What Is Body Dysmorphia?
Body Dysmorphic Disorder (BDD) is a mental disorder characterised by a severe preoccupation with a perceived defect or slight imperfection in one’s appearance. Those who have this disorder focus on a specific feature to the exclusion of all other concerns. They can spend hours each day, often in front of a mirror, worrying and thinking about their looks. They compare their body parts or defects with those of other people, try to camouflage the parts they worry about and avoid social interactions. This obsessive thinking can disturb their work, social life and normal daily functioning.
The focus of their obsession can be any part of the body. Most commonly, however, people with BDD are bothered about their face, hair and skin. The nose, eyes and chin are the main regions BDD sufferers worry about, but other features like the ears, brows, cheeks, teeth and lips do not go unmentioned. Other body part—stomach, breasts, thighs, buttocks, legs, arms and hips—as well as slight or small build and body weight can also become focal points for BDD.
People suffering from BDD usually have a poor self-image. They see themselves as deformed, hideous or ugly, when others see them as quite normal or even attractive.
BDD should not be confused with vanity. It is a mental disorder requiring medical treatment. According to the OCD and Related Disorders Program of Massachusetts General Hospital, “BDD is relatively common and affects close to 2% of the population” of the United States. Anxiety Australia says the number could be as high as 1 to 2 percent of the Australian population.
The disorder can affect both men and women, and people of any cultural background or ethnicity. Although BDD can occur at any age, it usually begins in childhood or during early adolescence.

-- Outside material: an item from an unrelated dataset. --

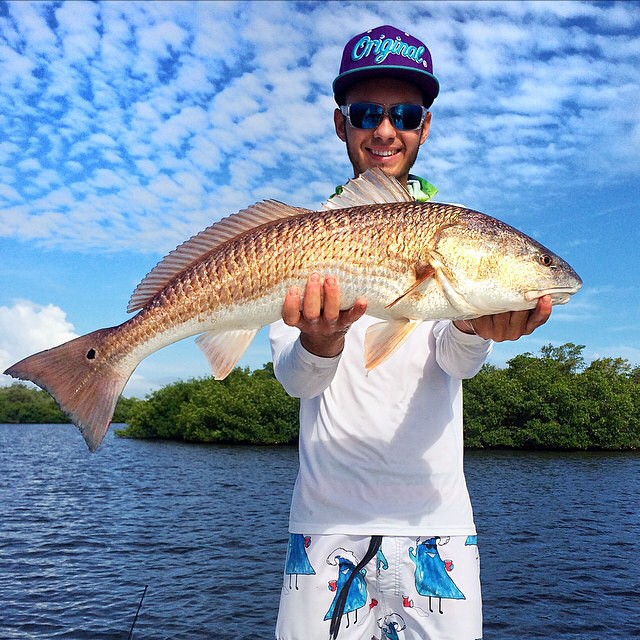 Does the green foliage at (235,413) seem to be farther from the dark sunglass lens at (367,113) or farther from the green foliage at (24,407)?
the green foliage at (24,407)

People suffering from BDD often have other anxiety disorders, such as obsessive-compulsive disorder (OCD) and social anxiety disorder. They may also suffer from depression and eating disorders. Because the symptoms can seem similar, BDD can easily be misdiagnosed as one of those disorders.

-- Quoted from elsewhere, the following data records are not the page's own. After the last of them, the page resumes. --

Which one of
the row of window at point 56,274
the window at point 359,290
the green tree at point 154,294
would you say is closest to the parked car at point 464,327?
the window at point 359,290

Although the causes of BDD are not fully understood, researchers have identified a number of factors that may contribute to the condition. These include heredity, an imbalance of chemicals in the brain and maladaptive thoughts and behaviours. The latter is what makes people with BDD overemphasize the importance of being physically attractive. When they see themselves as lacking in some area, it makes them feel sadness, shame and anxiety, and they often experience very low self-esteem.
At my practice, we are concerned about BDD because people who have the condition often seek cosmetic surgery to remedy their perceived defects. Often, after surgery, they end up being unhappy with the results. Some BDD sufferers undergo repeated procedures on the same facial or body area. Sometimes, after a cosmetic procedure on one part of the body or face, they switch focus to a different part. This can be a surgeon’s nightmare.

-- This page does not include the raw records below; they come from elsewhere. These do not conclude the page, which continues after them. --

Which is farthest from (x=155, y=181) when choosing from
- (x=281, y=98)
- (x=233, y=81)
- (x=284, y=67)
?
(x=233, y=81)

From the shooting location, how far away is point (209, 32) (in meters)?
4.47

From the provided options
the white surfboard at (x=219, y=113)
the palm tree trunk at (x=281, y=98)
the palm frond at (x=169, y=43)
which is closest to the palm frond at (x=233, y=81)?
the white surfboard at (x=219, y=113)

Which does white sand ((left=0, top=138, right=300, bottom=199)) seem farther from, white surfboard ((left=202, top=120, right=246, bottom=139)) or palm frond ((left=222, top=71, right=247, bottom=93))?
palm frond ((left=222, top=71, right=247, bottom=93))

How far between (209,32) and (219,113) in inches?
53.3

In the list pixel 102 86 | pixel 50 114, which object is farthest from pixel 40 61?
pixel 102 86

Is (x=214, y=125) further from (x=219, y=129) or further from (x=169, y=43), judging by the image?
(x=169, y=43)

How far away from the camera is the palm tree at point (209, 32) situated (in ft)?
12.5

Another concern of the cosmetic and plastic surgery community is that people suffering from BDD have high rates of suicidal tendencies and suicide attempts. No doctor wants this happening to his or her patients. One facet of my initial consultation with all patients involves an assessment of the patient’s attitude. If BDB is suspected, surgeons often refer the patient to a qualified psychological counsellor.
Treatments for BDD include cognitive behavioural therapy (CBT) and anti-depressant medications to remove chemical imbalances. Sometimes a combination of CBT therapy and medications is necessary.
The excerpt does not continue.